The Ghana Chamber of Bulk Oil Distributors (CBOD), has told other players in the foreign exchange supply market to step up their efforts to ensure the demand for US Dollars by Bulk Distributing Companies (BDCs) is met.
According to the CEO of the Chamber, Senyo Hosi, this has important as the quantum of US dollars supplied by the Bank of Ghana has dropped drastically.
The Bulk Distributing Companies are licensed to import crude oil and finished products, store and distribute to oil marketing companies, among other functions.
For a long time, the BDCs were struggling to get access to enough foreign exchange at affordable rates to procure their products, a situation that led to some level of uneasiness within the industry.
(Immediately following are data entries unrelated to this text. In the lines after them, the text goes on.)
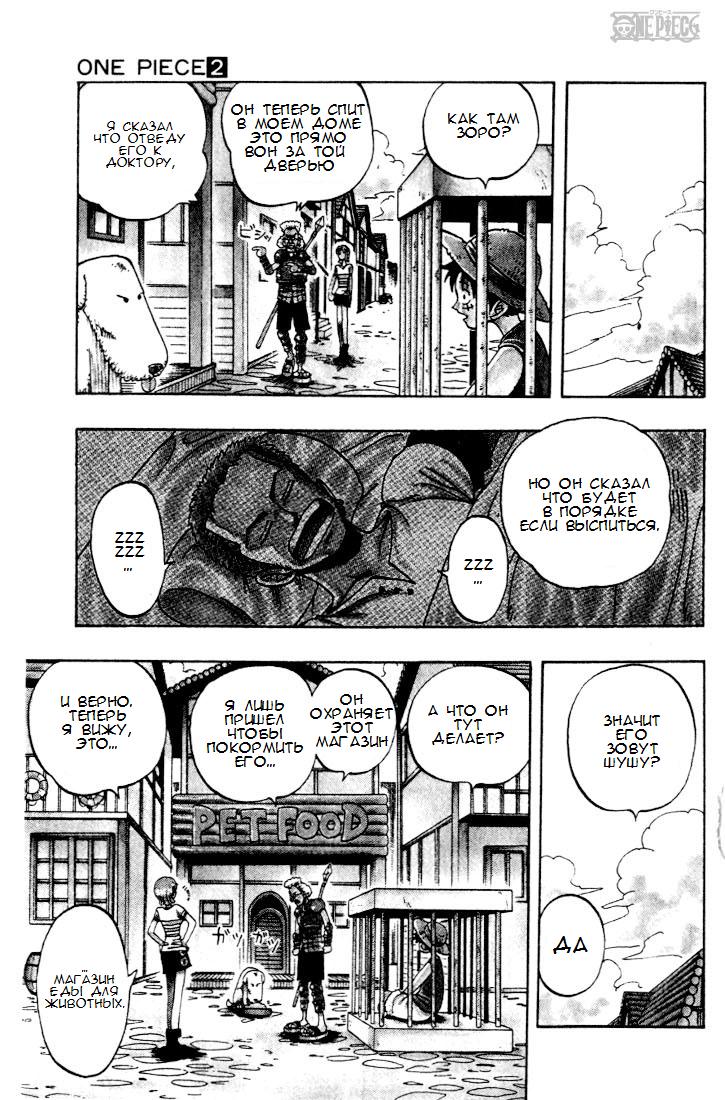 Страница 11 главы 12 манги Ван Пис / One Piece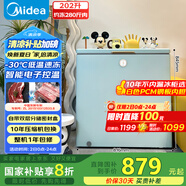 美的（Midea）復古時(shí)光冰柜202升-30℃減霜節能家用冰柜電子單溫母乳小冷柜BD/BC-202KMT(E) 家電國家補貼20%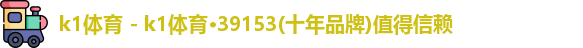 k1体育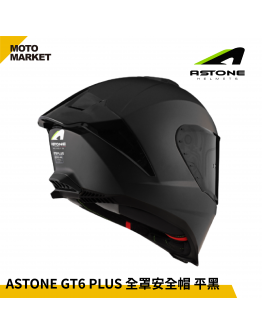 ASTONE 全罩安全帽 GT6 PLUS 素色 消光 平黑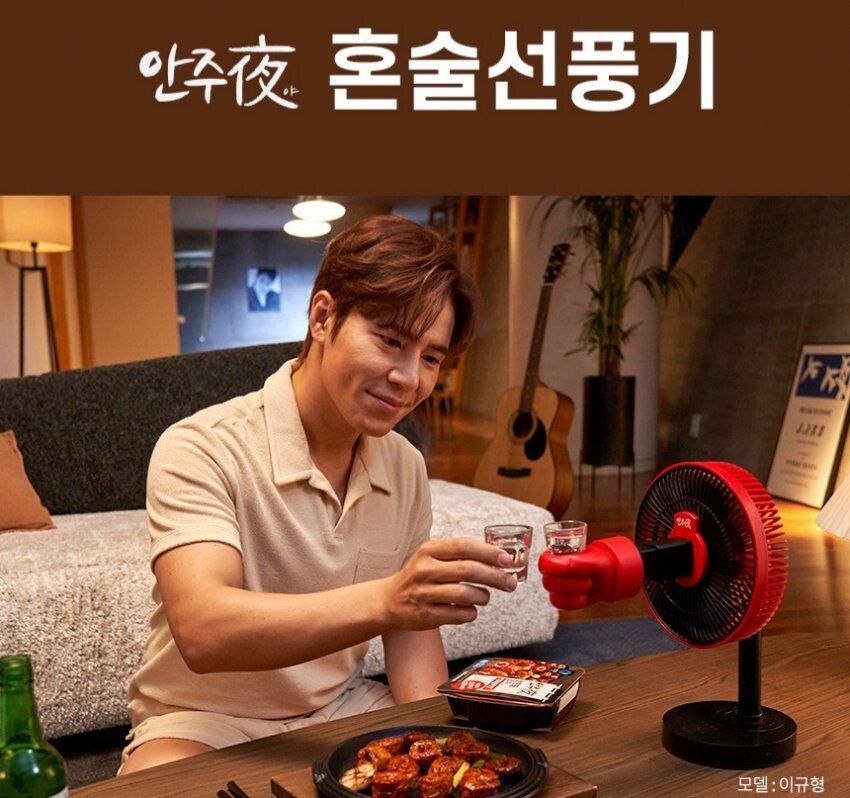 A fan for drinking alone. What's this?gif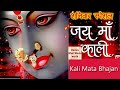 शनिवार के दिन माँ काली काभजन सुनने से �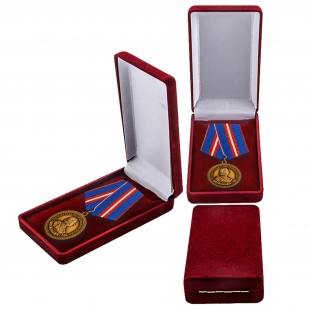 Памятная медаль "300 лет полиции России" в футляре
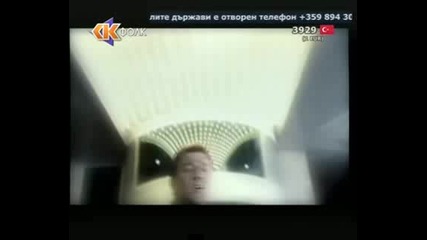 Nedeljko Bajic Baja - Blokada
In an attempt to resolve the issue of a lack of US dollars for the BDCs, whose work influences the final price of fuel at the pumps, the Bank of Ghana earlier this year, introduced a foreign exchange forward auction program for the BDCs.
Despite the success of the intervention, the quantum of dollars supplied by the Central Bank, according to the CEO of the Chamber of Bulk Oil Distributors, Senyo Hosi, has been dropping alarmingly over the past few months.
“The BoG has actually reduced the quantum of its intervention in real terms and also in ratio terms relative to requirements. When we started, [during] the first window, we got $114 million and another $100 million, bringing the amount we got from the BoG in April to $214 million. Then in the next month, the amount that was made available was $125 million and then in June we are seeing $100 million.”
“Cumulatively, their intervention has been 40% of the requirements that have been submitted over the period. On a month-on-month basis however we have seen a very significant drop from 85% in April to 50% in May, and now we are seeing 21% in June,” he added.
Mr. Hosi thus highlighted the need for other players in the open market to support the efforts of the Bank of Ghana in the supply of foreign exchange for players that need it in the local petrol sector.